For many individuals in our generation, dating apps are commonly used for casual sex, boredom busters, meeting new people, or for getting validation online. It's easy to swipe through an app looking at the first picture or two of possible candidates and swiping based on their looks or the few words they fit into the text below. But how does this affect how we actually view and think of the person on the other side of the screen? I interviewed a friend, Sara, to get a little more information on what she thought as a user of online dating apps:
"Honestly, I feel like using apps like Tinder and Bumble reduce people down to pictures, similar to the way that social media does. We live such a fast-paced society and I feel like so many of us are so quick to judge others based off meaningless things like how well they take pictures and can put them in a profile. In reality, this says little to nothing about who they actually are."
But how does this affect the way we are able to develop attachment to these individuals who are very real people when we meet them in person? From the conversations and experiences I have had, many of these interactions never take on a "face-to-face" element, and when they do, it's almost as if you are meeting a stranger regardless of how many times you have talked before. For many, it's a way they can hide behind a device and avoid the possibility of rejection or gain validation from the number of matches or messages they get and move on. This is especially relevant for individuals with a more anxious attachment style, as these ideas apply more specifically to them., (Chin, et al., 2019).

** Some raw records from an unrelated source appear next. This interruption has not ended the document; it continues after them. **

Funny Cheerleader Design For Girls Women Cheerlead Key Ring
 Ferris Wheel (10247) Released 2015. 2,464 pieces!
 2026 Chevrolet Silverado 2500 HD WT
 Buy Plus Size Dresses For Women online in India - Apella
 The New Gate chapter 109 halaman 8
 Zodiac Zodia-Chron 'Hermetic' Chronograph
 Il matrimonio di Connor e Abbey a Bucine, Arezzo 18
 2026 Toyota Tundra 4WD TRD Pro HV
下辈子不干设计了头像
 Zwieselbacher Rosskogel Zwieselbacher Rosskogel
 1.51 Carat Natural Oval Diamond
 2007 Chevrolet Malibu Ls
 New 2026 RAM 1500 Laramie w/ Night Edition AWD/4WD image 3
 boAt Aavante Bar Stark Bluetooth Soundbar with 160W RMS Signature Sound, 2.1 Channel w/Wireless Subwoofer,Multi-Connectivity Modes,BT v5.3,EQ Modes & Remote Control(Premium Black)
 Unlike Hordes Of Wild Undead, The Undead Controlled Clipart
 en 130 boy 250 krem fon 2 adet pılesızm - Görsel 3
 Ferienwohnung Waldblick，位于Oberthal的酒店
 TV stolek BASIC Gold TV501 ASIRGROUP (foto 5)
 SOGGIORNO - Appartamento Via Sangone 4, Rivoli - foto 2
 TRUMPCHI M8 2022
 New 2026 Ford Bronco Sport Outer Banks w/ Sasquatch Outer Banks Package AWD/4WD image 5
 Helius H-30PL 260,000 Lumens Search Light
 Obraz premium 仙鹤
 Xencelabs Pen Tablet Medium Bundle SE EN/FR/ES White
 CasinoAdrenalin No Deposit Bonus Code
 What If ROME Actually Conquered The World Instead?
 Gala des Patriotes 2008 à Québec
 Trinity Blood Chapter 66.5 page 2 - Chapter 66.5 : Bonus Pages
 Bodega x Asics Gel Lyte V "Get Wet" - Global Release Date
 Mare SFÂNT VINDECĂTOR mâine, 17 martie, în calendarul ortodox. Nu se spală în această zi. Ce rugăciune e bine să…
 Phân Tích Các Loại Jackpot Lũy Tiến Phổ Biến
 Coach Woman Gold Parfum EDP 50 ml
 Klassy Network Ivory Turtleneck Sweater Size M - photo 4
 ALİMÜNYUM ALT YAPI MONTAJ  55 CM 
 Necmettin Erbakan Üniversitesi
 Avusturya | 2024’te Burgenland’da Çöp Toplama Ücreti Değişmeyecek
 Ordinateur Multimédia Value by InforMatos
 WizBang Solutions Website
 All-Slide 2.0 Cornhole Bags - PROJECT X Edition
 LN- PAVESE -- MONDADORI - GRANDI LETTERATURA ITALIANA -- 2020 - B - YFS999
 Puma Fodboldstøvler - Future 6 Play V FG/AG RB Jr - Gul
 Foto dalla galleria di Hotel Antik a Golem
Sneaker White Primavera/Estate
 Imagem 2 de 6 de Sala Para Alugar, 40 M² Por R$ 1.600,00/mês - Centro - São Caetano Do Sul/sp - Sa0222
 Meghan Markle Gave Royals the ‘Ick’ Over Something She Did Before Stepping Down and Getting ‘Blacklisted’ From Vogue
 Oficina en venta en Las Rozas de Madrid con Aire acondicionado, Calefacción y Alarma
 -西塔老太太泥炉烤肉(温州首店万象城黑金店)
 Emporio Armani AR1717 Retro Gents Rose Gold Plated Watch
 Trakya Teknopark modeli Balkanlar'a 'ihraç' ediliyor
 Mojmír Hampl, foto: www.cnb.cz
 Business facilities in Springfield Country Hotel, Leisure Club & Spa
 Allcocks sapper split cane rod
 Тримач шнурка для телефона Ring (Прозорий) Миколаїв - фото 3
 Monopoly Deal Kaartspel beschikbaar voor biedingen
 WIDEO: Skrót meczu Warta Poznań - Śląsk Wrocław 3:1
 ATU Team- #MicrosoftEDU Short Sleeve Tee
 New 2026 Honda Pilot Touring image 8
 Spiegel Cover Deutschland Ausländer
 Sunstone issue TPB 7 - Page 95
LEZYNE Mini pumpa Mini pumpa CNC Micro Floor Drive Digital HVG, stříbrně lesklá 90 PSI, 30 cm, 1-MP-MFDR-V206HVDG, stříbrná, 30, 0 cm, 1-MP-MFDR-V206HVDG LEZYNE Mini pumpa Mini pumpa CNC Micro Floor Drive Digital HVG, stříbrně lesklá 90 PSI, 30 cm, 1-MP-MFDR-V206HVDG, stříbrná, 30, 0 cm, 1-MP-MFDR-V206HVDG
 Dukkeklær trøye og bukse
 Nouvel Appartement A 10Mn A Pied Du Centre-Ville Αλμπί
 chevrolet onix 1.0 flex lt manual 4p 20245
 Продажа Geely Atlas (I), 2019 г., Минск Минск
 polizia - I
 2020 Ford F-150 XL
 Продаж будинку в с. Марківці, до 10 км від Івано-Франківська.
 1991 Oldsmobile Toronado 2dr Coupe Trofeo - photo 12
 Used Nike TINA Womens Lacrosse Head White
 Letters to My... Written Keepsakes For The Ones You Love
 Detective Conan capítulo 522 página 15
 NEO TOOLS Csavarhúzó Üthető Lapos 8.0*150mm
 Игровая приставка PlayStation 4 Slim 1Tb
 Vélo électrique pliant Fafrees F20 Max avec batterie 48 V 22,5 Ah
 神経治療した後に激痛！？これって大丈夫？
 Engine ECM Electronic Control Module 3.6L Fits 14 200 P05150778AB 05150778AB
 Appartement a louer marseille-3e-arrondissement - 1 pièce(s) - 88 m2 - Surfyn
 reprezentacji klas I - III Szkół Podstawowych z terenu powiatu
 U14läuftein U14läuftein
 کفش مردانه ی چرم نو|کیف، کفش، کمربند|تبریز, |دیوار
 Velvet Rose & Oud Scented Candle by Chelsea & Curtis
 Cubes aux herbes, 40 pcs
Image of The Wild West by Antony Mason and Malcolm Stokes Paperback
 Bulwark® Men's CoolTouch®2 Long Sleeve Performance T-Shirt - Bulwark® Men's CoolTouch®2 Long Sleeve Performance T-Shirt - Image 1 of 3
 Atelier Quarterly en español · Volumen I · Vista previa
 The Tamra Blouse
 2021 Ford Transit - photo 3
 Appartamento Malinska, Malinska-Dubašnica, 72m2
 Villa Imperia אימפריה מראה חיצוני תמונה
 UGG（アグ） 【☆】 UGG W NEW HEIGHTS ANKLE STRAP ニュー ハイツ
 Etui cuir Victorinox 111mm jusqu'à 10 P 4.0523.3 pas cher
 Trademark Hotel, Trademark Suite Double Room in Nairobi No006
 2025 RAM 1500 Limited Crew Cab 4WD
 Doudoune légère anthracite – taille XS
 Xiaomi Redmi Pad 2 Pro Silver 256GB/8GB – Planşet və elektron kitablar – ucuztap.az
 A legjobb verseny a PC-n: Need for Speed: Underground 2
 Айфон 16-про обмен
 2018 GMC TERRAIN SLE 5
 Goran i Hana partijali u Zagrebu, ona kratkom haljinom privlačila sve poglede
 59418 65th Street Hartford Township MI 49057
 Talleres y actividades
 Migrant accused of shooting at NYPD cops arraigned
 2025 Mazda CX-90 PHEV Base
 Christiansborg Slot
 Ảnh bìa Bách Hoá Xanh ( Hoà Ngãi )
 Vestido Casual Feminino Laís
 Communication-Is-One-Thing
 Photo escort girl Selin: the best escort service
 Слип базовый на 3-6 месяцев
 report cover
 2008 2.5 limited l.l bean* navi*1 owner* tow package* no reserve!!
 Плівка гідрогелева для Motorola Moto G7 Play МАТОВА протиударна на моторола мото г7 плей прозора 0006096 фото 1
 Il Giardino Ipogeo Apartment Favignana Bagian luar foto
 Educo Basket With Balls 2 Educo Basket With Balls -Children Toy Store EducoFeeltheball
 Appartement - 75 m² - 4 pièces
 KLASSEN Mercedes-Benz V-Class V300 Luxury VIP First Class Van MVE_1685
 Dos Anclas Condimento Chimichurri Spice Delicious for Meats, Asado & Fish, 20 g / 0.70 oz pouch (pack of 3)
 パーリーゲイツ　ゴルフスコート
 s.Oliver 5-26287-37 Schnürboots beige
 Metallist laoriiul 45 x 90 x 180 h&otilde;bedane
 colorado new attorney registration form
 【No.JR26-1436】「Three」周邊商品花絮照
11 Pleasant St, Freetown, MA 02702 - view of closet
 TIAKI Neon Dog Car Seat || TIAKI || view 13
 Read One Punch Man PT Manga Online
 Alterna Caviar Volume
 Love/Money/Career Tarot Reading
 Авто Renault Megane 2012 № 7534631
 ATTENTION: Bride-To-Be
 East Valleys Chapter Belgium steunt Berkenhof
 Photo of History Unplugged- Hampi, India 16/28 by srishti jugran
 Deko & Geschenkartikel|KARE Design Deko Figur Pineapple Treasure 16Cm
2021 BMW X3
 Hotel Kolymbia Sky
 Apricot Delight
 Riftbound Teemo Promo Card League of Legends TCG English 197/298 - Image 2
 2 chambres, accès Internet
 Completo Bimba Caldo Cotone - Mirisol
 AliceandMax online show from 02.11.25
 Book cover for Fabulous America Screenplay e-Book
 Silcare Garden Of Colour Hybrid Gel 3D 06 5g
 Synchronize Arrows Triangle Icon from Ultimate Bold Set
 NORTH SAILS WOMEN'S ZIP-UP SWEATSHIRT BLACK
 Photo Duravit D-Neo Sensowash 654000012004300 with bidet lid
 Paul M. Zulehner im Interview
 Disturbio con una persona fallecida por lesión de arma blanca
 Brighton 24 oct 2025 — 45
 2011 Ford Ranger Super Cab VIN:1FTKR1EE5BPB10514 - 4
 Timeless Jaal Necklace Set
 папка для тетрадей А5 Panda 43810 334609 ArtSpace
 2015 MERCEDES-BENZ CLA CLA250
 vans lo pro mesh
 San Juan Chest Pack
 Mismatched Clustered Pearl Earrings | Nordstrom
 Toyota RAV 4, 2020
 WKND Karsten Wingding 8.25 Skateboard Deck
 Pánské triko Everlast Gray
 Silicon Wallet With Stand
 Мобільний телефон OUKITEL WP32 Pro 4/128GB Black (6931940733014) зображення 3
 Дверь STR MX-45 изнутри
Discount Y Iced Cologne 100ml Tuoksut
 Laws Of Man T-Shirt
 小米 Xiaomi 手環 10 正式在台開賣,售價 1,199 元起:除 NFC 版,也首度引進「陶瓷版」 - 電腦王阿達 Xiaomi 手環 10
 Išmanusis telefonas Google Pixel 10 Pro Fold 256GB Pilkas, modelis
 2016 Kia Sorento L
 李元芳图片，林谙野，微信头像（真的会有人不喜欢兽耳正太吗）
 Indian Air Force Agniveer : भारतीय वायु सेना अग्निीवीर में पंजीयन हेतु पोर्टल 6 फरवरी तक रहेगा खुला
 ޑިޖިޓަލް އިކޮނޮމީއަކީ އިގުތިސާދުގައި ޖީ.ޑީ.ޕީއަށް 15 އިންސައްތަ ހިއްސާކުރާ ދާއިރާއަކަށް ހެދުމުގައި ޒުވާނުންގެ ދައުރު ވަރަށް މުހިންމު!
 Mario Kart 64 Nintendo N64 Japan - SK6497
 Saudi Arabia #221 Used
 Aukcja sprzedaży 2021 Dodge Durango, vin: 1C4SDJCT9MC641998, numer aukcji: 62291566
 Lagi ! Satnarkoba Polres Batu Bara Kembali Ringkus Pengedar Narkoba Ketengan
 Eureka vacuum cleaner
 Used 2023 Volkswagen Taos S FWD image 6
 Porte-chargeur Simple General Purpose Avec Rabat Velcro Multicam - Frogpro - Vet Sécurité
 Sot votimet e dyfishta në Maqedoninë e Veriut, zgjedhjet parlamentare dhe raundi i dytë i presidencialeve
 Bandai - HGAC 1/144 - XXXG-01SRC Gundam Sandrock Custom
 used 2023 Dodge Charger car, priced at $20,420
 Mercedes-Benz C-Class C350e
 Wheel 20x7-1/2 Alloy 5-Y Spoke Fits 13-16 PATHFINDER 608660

"Although there are real relationships and positive outcomes that can come from dating apps, for many people it is just a game. There is a real-life fear of meeting strangers from the internet which can make implementing this seem dangerous. So, for a lot of people, it will never impact their real-world experiences."
Although dating apps can be used for positive outcomes, such as the one I have experienced, for many individuals these outcomes are few and far between. Dating apps can be seen as a game and minimize the idea of someone being a real person who is experiencing real life just as intensely as you are.